Quanto à "insinuação de gastos excedentários e esbanjamento em consultores", Isabel dos Santos garante que a sua presidência foi a que menos despendeu nos últimos cinco anos.

"Em 2014 a Sonangol gastou 254 milhões de dólares com consultoria, em 2015 115 milhões, em 2016 79,7 milhões e em 2017 90,5 milhões", contabiliza a ex-PCA, classificando de infundadas as suspeitas de favorecimento dos seus investimentos privados na negociação dos contratos da petrolífera.

Em causa está, por exemplo, a escolha do BIC - instituição na qual a empresária detém uma participação - como "um dos bancos preferenciais a nível da Sonangol".

Segundo Isabel dos Santos, o anterior Conselho de Administração estabeleceu relações comerciais com vários novos bancos nacionais e estrangeiros, e não apenas com o BFA, BIC e EuroBic, nos quais é accionista.

"Foram abertas novas contas no Bank of America Merrill Lynch e no Millennium BCP, e foi com Merryl Lynch, AfriExem Bank, ICBC, e Standard Chartered Bank, os bancos internacionais com os quais mais trabalhamos", assinala a gestora, alertando para a necessidade de diversificação do risco.

"Em Junho de 2016, deparamo-nos com situações chocantes e preocupantes: a Sonangol mantinha 80% dos seus depósitos em KZ e USD num só banco, no banco BAI", recorda a empresária, acrescentando que "as boas práticas de gestão ditam que não é prudente guardar 80% dos depósitos de uma empresa num único banco, pois é arriscado em caso de falência, ou incumprimento deste banco".

Os desmentidos de Isabel dos Santos incidem também sobre os movimentos financeiros alegadamente realizados pela sua equipa, já depois da exoneração.

"Tomámos posse no dia 16 de Novembro de 2017 e nesse dia, à noite, apercebemo-nos que o administrador que cuidava das finanças na Sonangol, embora tivesse sido exonerado no dia 15, ordenou uma transferência no valor de 38 milhões de dólares para a Matter Business Solution, com sede no Dubai", acusou Carlos Saturnino.

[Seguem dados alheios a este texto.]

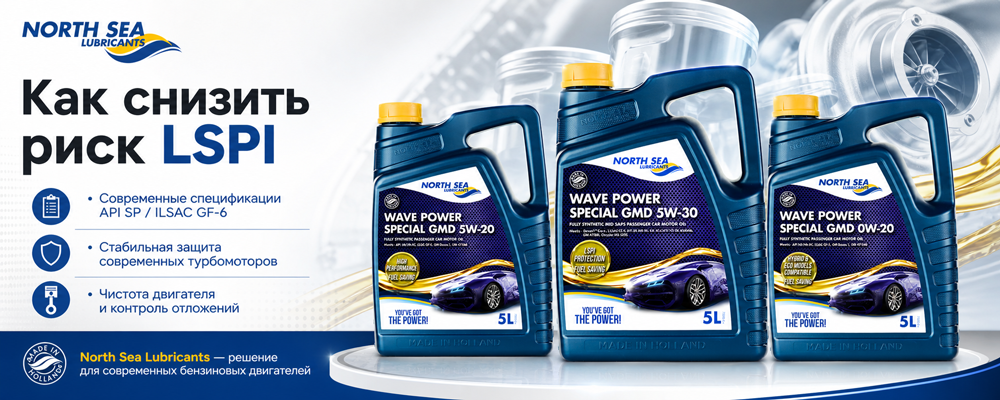 North Sea Lubricants WAVE POWER SPECIAL GMD 0W-20
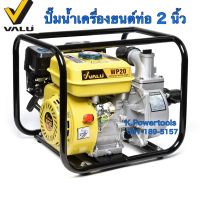 WP-20 ปั๊มสูบน้ำเครื่องยนต์เบนซิน ท่อส่ง 2 ยี่ห้อ VALU หอยโข่งเครื่องยนต์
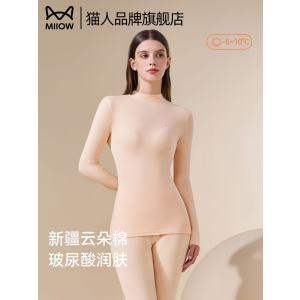 猫人秋衣秋裤女士中领薄款纯棉修身保暖内衣套装A类云朵棉棉毛衫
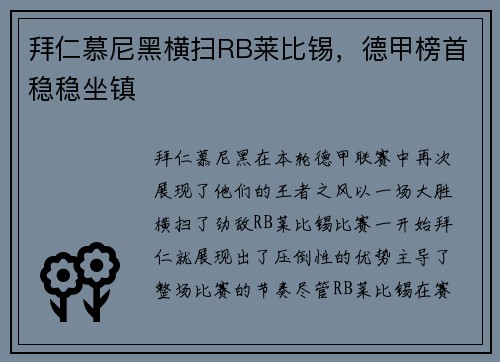 拜仁慕尼黑横扫RB莱比锡，德甲榜首稳稳坐镇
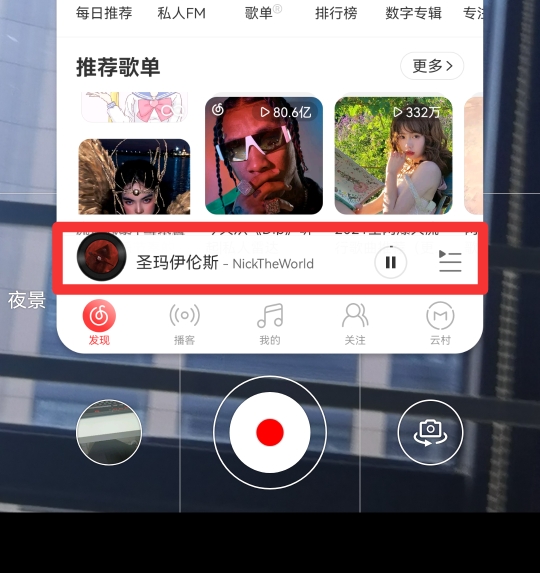 华为手机怎么边放音乐边录像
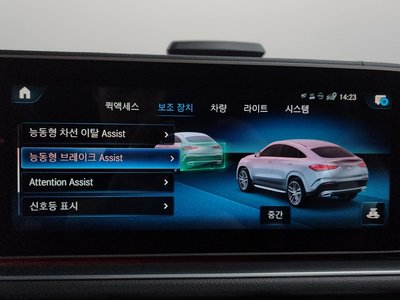 صورة مصغرة 32 لـ 2021 Mercedes-BENZ GLE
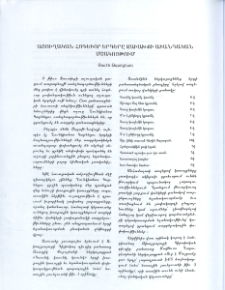 Աշուղական հոգեւոր երգերը Ջաւախքի աւանդական մշակոյթում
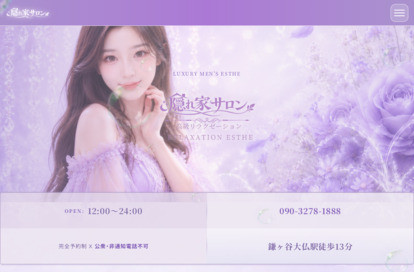 隠れ家サロン オフィシャルサイト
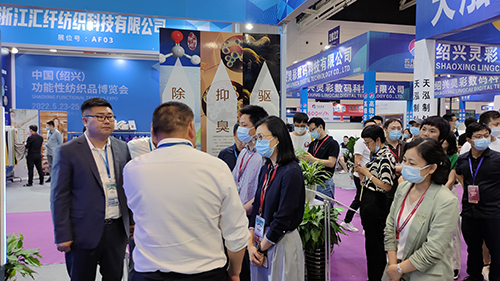 科技赋能 中国（绍兴）功能性纺织品博览会与春季纺博会同期开幕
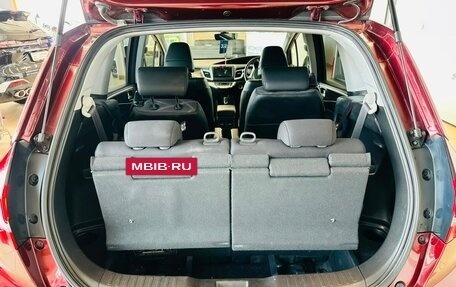 Honda Jade I, 2015 год, 1 429 000 рублей, 20 фотография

Para além da transferência de 38 milhões de dólares, o gestor avançou que "no dia 17 de Novembro houve o pagamento de mais quatro facturas também", operações que a sua antecessora desmente.

"A nomeação do novo Conselho de Administração aconteceu a 16 de Novembro de 2017, tendo as reuniões de passagem de pasta começado nesse dia. Não existem instruções de pagamentos, ou outras instruções com data posterior a 15 de Novembro de 2017", garante Isabel dos Santos.

A antiga PCA esclarece ainda que os milhões de dólares mencionados referem-se a "pagamentos totalmente legítimos de facturas emitidas, relativas ao trabalho efetivamente realizado, e prestados por vários consultores subcontratados no âmbito dos trabalhos do Projeto de Reestruturação da Sonangol".

No caso dos 38 milhões de dólares, a empresária explica que estão contabilizados como parte dos 90,5 milhões de dólares fixados como custo de consultoria para 2017.

"O problema da Sonangol não é e nunca foi Isabel dos Santos, mas sim a irresponsabilidade da gestão e das entidades que beneficiaram de contratos leoninos e ganharam milhões, e hoje esperam poder continuar a gozar e viver desta prevaricação", conclui a gestora.